Any ExprCXX experts have thoughts on this? It would be very tidy for the analyzer, but of course that alone shouldn't be the reason for a major representation change like this.

Thank you,
Jordy

* Today I learned about placement delete. Yuck.

I think it would make sense to represent at least the call to operator new as its own CallExpr. I'd leave the destructor as a simple FunctionDecl pointer in the CXXNewExpr, though, since correctly modeling that call sounds hard.

Sebastian

Hi, all. PR12014 is tracking the analyzer's model of operator new. The bug was originally from Sebastian's refactoring of CXXNewExpr to use a subexpression for the initializer; coupled with the linearization of the analysis CFG, we ended up getting that part of the analysis for free. (That is, just looking at the subexpressions of CXXNewExpr will cause us to analyze the embedded initializer like any other constructor, for those new-expressions that use constructors.)

What we don't have a model for, however, is the allocation, and because of this the constructor doesn't actually have a reasonable "memory region" the analyzer can reason about later. While we could augment the CFG to put a new "allocation" node before the constructor, Ted came up with the question of whether this information ought to be in the AST itself.

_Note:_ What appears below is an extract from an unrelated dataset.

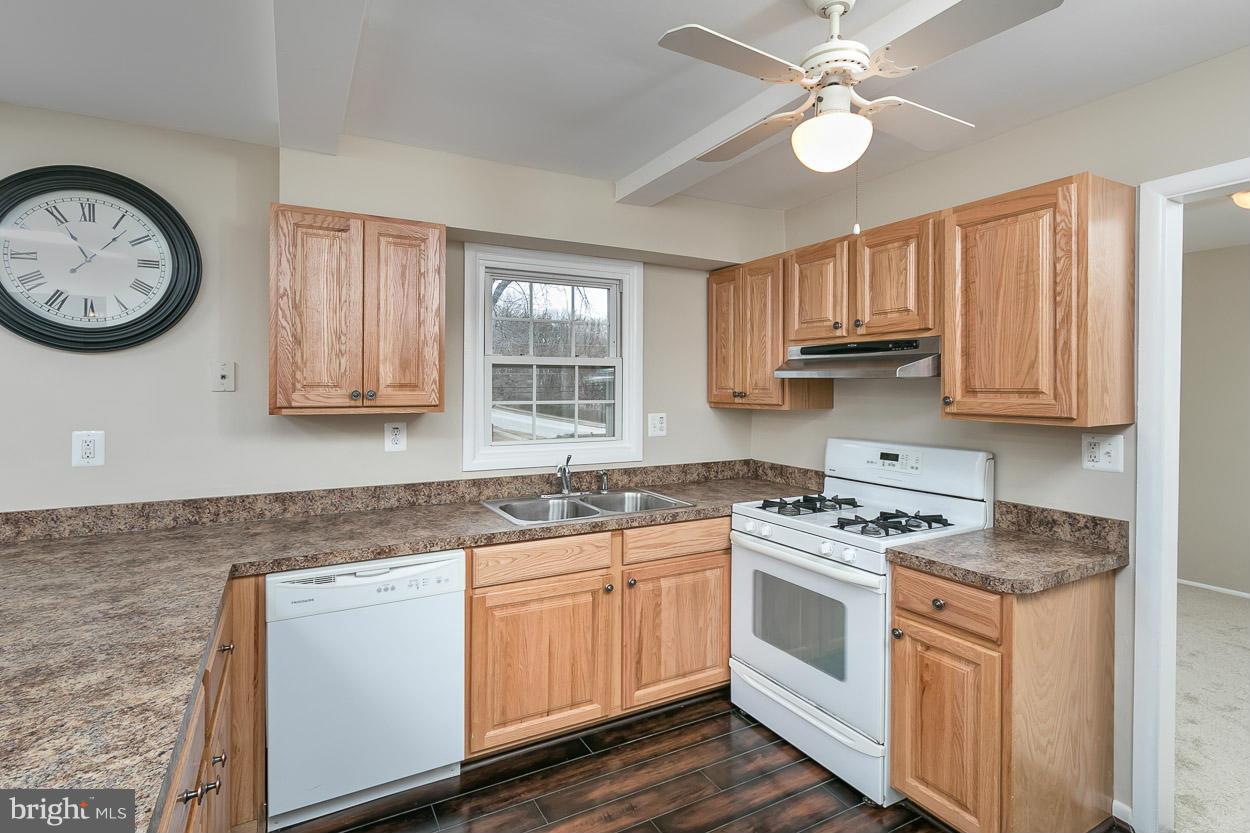 301 Garnett Road Joppa, MD 21085 - Photo 8 of 30 Kitchen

I'm definitely not a lawyer on what is supposed to be explicit in the AST and what isn't; this seems to fall on the borderline of the general guideline of "preserve the structure in the original source". Looking at the existing appearances of CXXNewExpr doesn't help either -- adding an allocation sub-expression wouldn't significantly affect any of the existing code positively or negatively, AFAICT.

On the other hand, a new-expression's /behavior/ is basically this:
1. Call the allocation function.
2. If allocation succeeds, call the constructor.
3. If the constructor fails, call the deallocation function.*

Seeing each of those "calls" makes me think something should be abstracted out. The deallocation is a little funny because the arguments have already been evaluated, but the allocation function call really is equivalent to calling an "operator new" function directly.

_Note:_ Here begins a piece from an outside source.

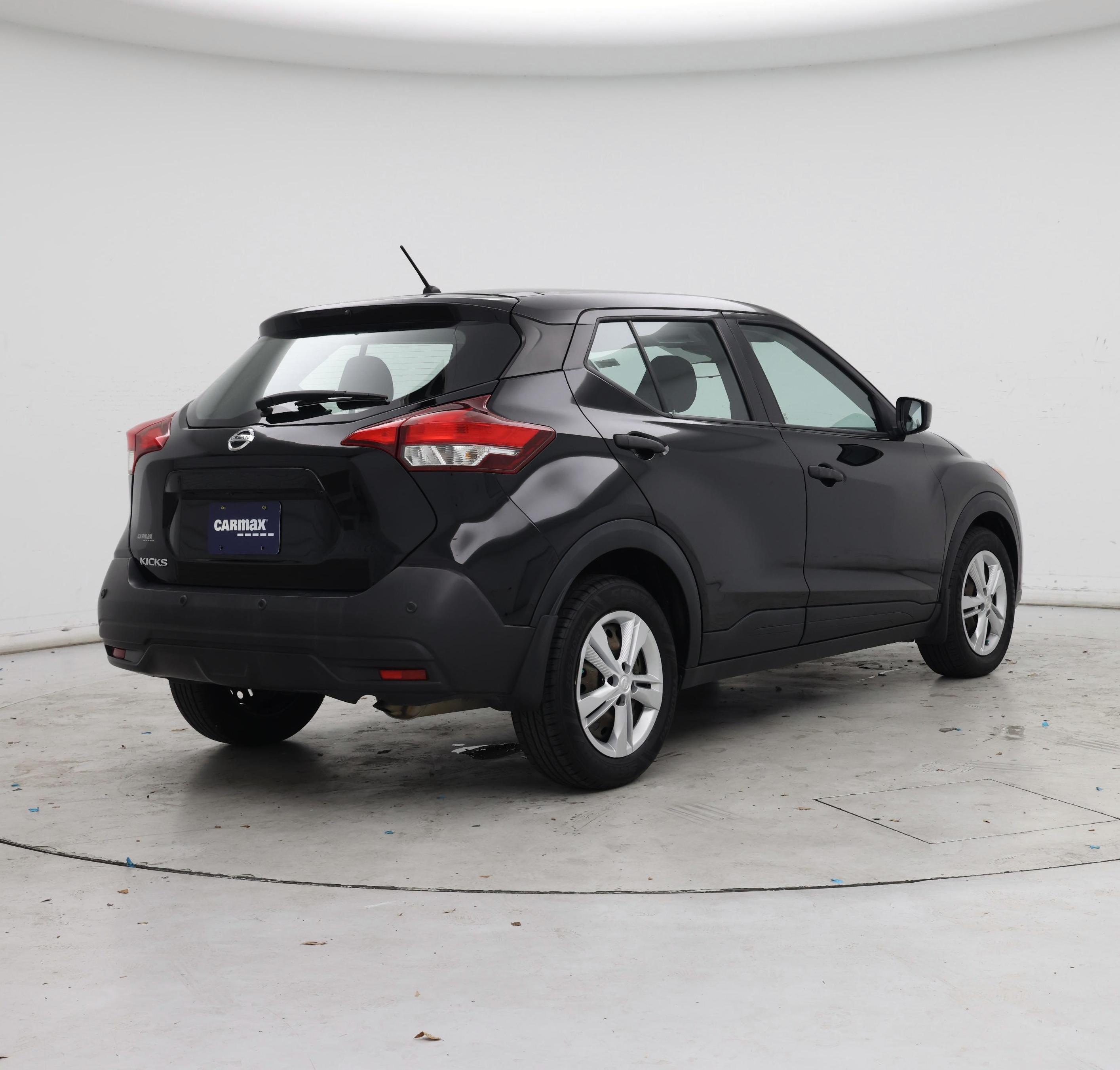 Thumbnail: 2020 Nissan Kicks - 8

I think it would make sense to represent at least the call to operator new as its own CallExpr.

Yes, that makes sense.

I'd leave the destructor as a simple FunctionDecl pointer in the CXXNewExpr, though, since correctly modeling that call sounds hard.

Agreed, and there's precedent for just keeping around this pointer rather than forming an AST to call the destructor.

Okay, here's my first pass on this. It's not going to be as useful as I thought because the size argument /still/ needs to be treated specially in a lot of places, but it still helps the analyzer (or will when I put the appropriate changes through).

This passes the test suite, but I'm not sure if I missed any edge cases, especially when the expression is type-dependent.

CXXNewExpr-allocation.patch (29.1 KB)

Hi Jordan,

// Was the usage ::new, i.e. is the global new to be used?
bool GlobalNew : 1;

  • // Do we allocate an array? If so, the first SubExpr is the size expression.
  • bool Array : 1;
    // If this is an array allocation, does the usual deallocation
    // function for the allocated type want to know the allocated size?
    bool UsualArrayDeleteWantsSize : 1;
  • // The number of placement new arguments.
  • unsigned NumPlacementArgs : 13;

With the number of bits needed by flags down this much, is it now feasible to sink this into the shared bitfield of Stmt?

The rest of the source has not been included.